In our previous article Machine Learning: An Introduction to CART Decision Trees in Ruby , we covered CART decision trees and built a simple tree of our own. We then looked into our first ensemble model technique, Random Forests, in Machine Learning: An Introduction to Random Forests . It is a good idea to review that article before diving into this one.

Random Forests are great for a wide variety of cases, but there are also situations where they don’t perform quite as well. In this article we’ll take a look at another popular tree-based ensemble model: Gradient Boosting.

## Introduction

Ensemble models are a pretty powerful technique. Conceptually, they can be built with any kind of weak learner, and can handle both regression and classification (binary or multi-class) tasks.

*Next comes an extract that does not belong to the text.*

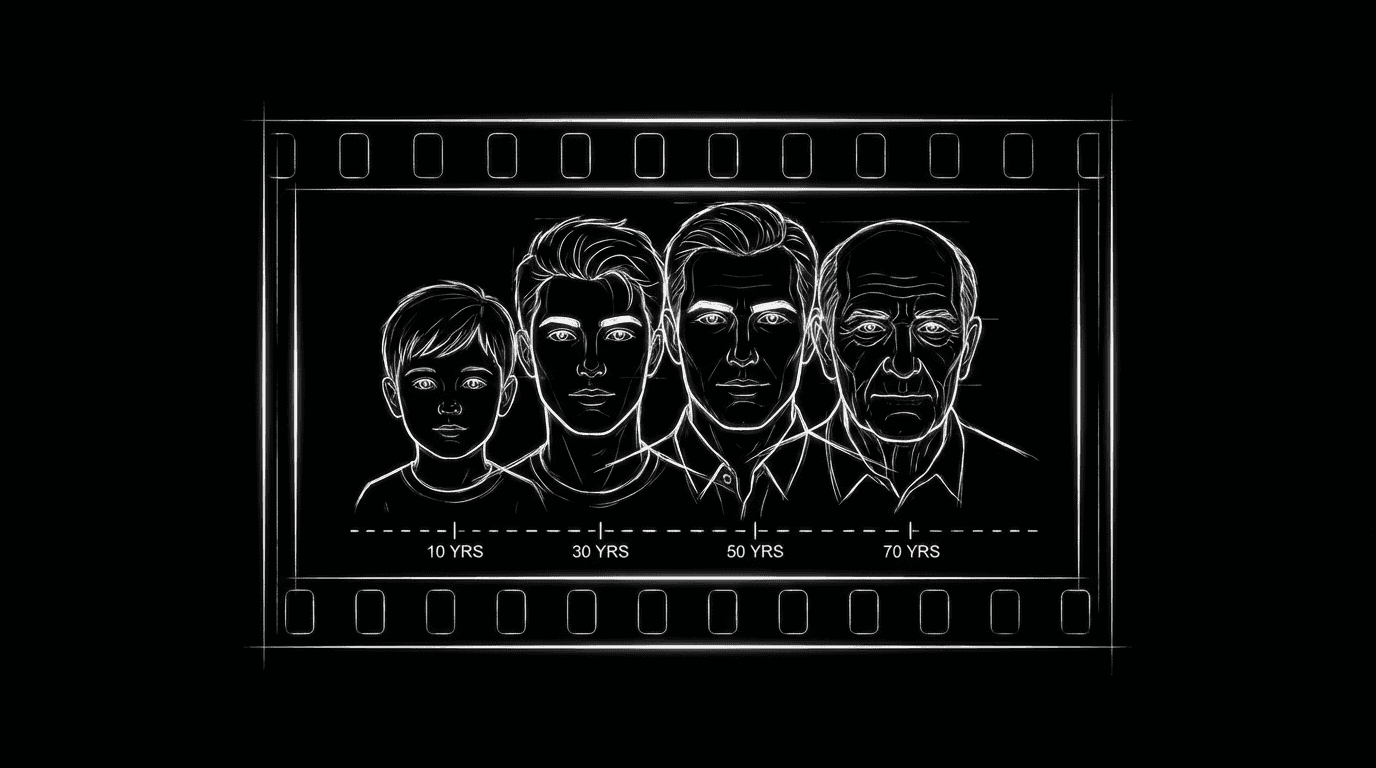 Thin white-line portraits of the same person at different ages compressed into a single film frame on black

A weak learner is a model that is only slightly better than random choice. Considering a binary classification problem, if you pick a class at random for a particular instance, you have a 50% chance of being right. Weak learners are only slightly better than that.

For the purposes of this article, we’ll focus on a specific type of weak learner: decision trees. It is important to note that decision trees are weak learners when shallow and, in ensemble models, trees are kept intentionally shallow. A standalone tree can be a strong learner if allowed to grow complex enough.

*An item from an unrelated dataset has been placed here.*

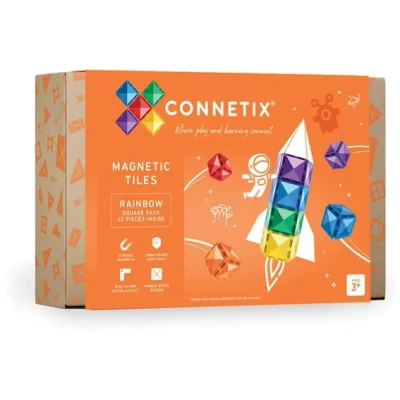 Abbildung von Connetix Rainbow Square Pack verstärkte Magnete pädagogisches Lernspiel Magnetspielbausteine, (Open Play, 42 Teile), ab 3 Jahren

We’ll also focus on a specific type of problem, the one applicable to the use case described in our Machine Learning Aided Time Tracking Review: A Business Case article , binary classification.

## Brief Introduction to Gradient Boosting Classification

Gradient Boosting is a technique that builds a series of decision trees sequentially, with each individual tree designed to correct the errors made by previous trees. Instead of a “voting committee” approach like Random Forests, where predictions from individual trees are pooled and the most “voted” class is chosen, Gradient Boosting focuses on progressively reducing the residual errors of the model by using these residuals to train each new tree.

To make this easier to visualize, we can think of Gradient Boosting as a team of experts working towards an answer. Each new expert learns from the mistakes of the previous ones and gets a little bit closer to the answer. These “mistakes” are what’s called residuals.

The final prediction of the ensemble is then derived by combining the output of all the trees, effectively refining the accuracy of the model with each step. In other words, it iteratively enhances weak learners to build a robust and precise model that is effective in complex classification (and regression) tasks.

But why combine the output of all the trees to get a prediction if the last one is the most accurate?

Gradient Boosting is an additive process, meaning it relies on the “cumulative wisdom” of all these trees to work. The trees are sequential, they build upon the predictions of the previous trees, but don’t replace them. Each tree is trying to predict the residuals, not the actual target, so that the residuals get smaller with each tree, indicating the model is getting closer to the true target values. It’s a bit like a relay race, where each runner builds on top of the distance already run by the previous runner to get closer to the finish line. This also means the last tree is not fully informed, it only addresses the residuals that remain after all previous trees have made their contributions. For an actual target prediction, we need the cumulative contributions of all the trees.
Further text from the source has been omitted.